Friday, December 19, 2014

I just got a return email from Arnie Coro, CO2KK,

 a Cuban ham radio operator. Arnie is considered the guru of Cuban ham radio and is am amazing man. He pretty much runs ham radio relief efforts in the Caribbean when the weather tears things up down there which it does periodically.

A couple of hours after I heard the news I was on a website and someone suggested getting in touch with Arnie and seeing what kind of stuff we could send Cuban hams to help with their projects.

Arnie has a radio program on Radio Havana that runs a couple times a week called DXers Unlimited. Much of it is a self-help hands on type of thing and I've listened to it a couple of times in the past few years. Arnie is held internationally in high regard among the worldwide amateur radio community, a position he has earned.

For what it's worth, I vaguely remember Radio Havana before the blockade. I do remember it shortly after the blockade and it was venomous toward the States. I can't say as I blame them. Then I didn't bother much with shortwave listening for decades. However years later circa 1985 I heard Radio Havana one night while I was living in Alaska. 

The consensus of the three of us that listened was that it was a rather nice Caribbean national radio station. I've heard it several times over the past three or four years and it's still a nice station. The DXers Unlimited program is still there.

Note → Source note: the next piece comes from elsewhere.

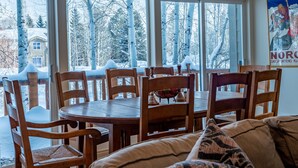 Un coin repas avec une table et des chaises en bois, de grandes fenêtres donnant sur des arbres couverts de neige et une maison.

I remember one time running it for background a few years back as I was doing paperwork and picking up pieces here and there as he was describing how to run PSK 31 using recycled parts. I wish I wasn't so busy at the time and could have carefully listened. I do remember something about recycled speakers and cardboard tubes.

Incidentally I will tell you a little story here about Radio Havana. I had sent a shortwave listener card to Radio Havana and was looking forward to getting a QSL card back from them. It arrived at the post office in the height of the showdown. At the time my father was terrified of being called back into the service again as a father of four children.

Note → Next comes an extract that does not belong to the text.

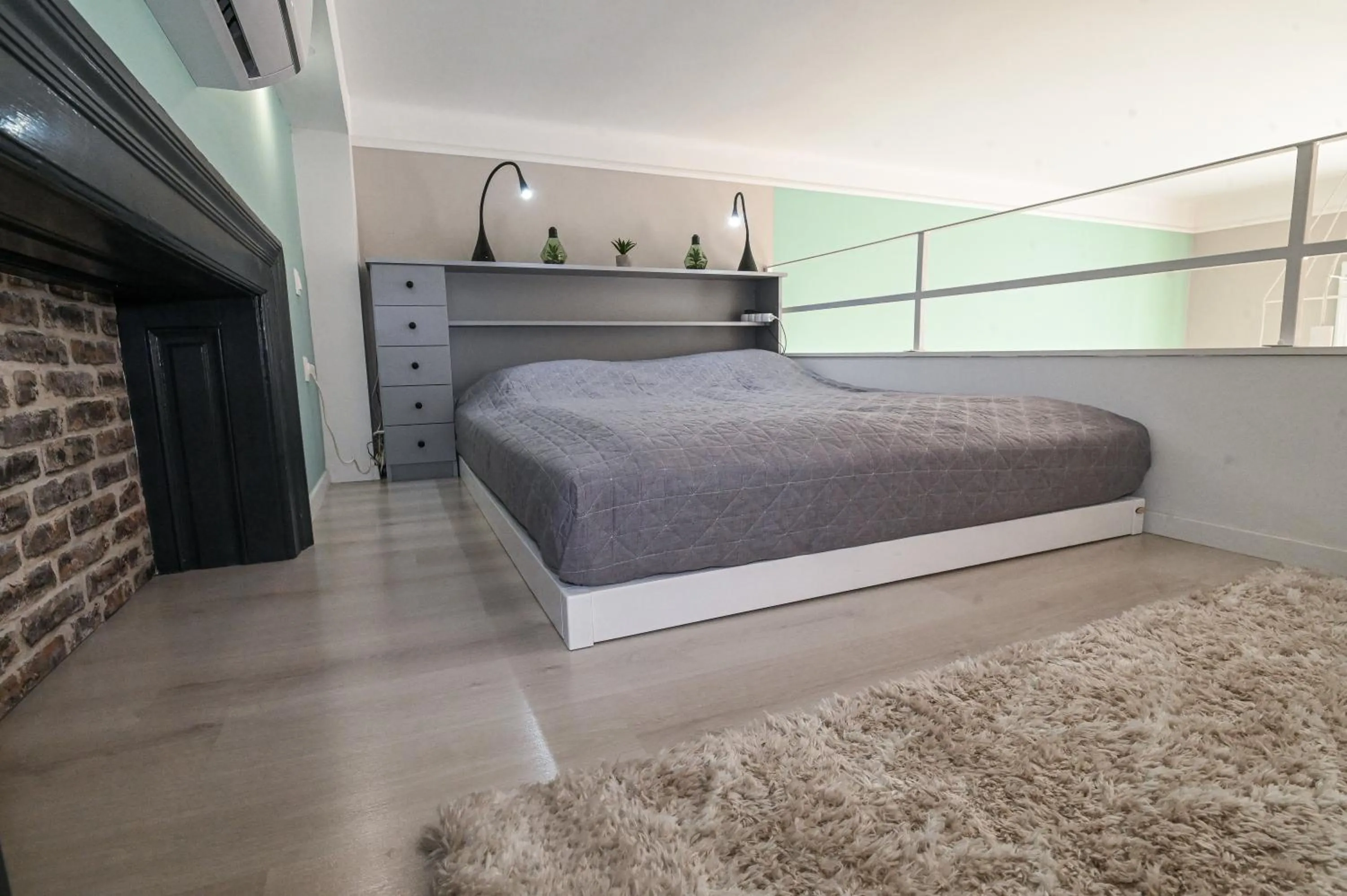 Bed in Palms Apartments Budapest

He handed me the card and seemed pretty upset about it until someone said to him, "For Pete's sake, it's a young kid with a shortwave radio that just got a QSL card. Nobody cares."

Dad settled down immediately when it was put into that context.

An awful lot of Cuban hams are pretty amazing and clever people. Many of them are  born-again recyclers, scroungers and home brewers that build a lot of their own equipment. A lot of them are pretty amazing people. I am proud to have a number of them in my log book.

Incidentally there is a Cuban QSL card framed in a place of honor in my house. It was mailed directly from Cuba which is a rarity. Most Cuban confirmations come from Spanish QSL managers. 

I will admit if I had to do what a some Cuban hams do to get on the air, I would not have gone through the trouble. It is no less than astonishing. Next to the Cuban ham that has built his rig, I am little more than an appliance operator...if even that.

I have not understood why the blockade wasn't lifted a long time ago. When you think about it, all is did was to make a lot of decent people a little more miserable. It also kept a lot of people like me from visiting a beautiful tropical island which irks me every winter while I shovel snow. Come to think of it, shoveling snow instead of sitting on a beach makes ME a little more miserable.

I have always wanted to visit Cuba. I have a friend that did. It's a pretty funny story and maybe I'll tell it sometime. It involves baseball. Then maybe again maybe I won't. He's still alive and I imagine there could be trouble for him if I did.

I will say this about my friend's visit to Cuba. They decreed him a 'Guest of the Cuban Government' and his money was no good there. It is a hilarious story where one man's personality and character overcame the policies of two governments.

I don't like mixing politics and ham radio. One of the things I like about ham radio is being able to put our politics and differences aside and just be people. We need more things in this world like that. Therefore on this post I will not comment on things of a political nature.

The return to normalization of relations is still in the infancy and it is going to be interesting how things work out. From what I have read it's going to be a while before the floodgates open and Americans are allowed unrestricted travel and trade. 

Still, it's a start and I'm optimistic.

$$$$$$$$$$$$$$$$$

Incidentally Arnie Coro and I have another thing in common besides being hams. Arnie is a sailor and used to sail regattas when he was younger. He's won a number of races.

It's interesting to see what we have in common instead of harping on the differences.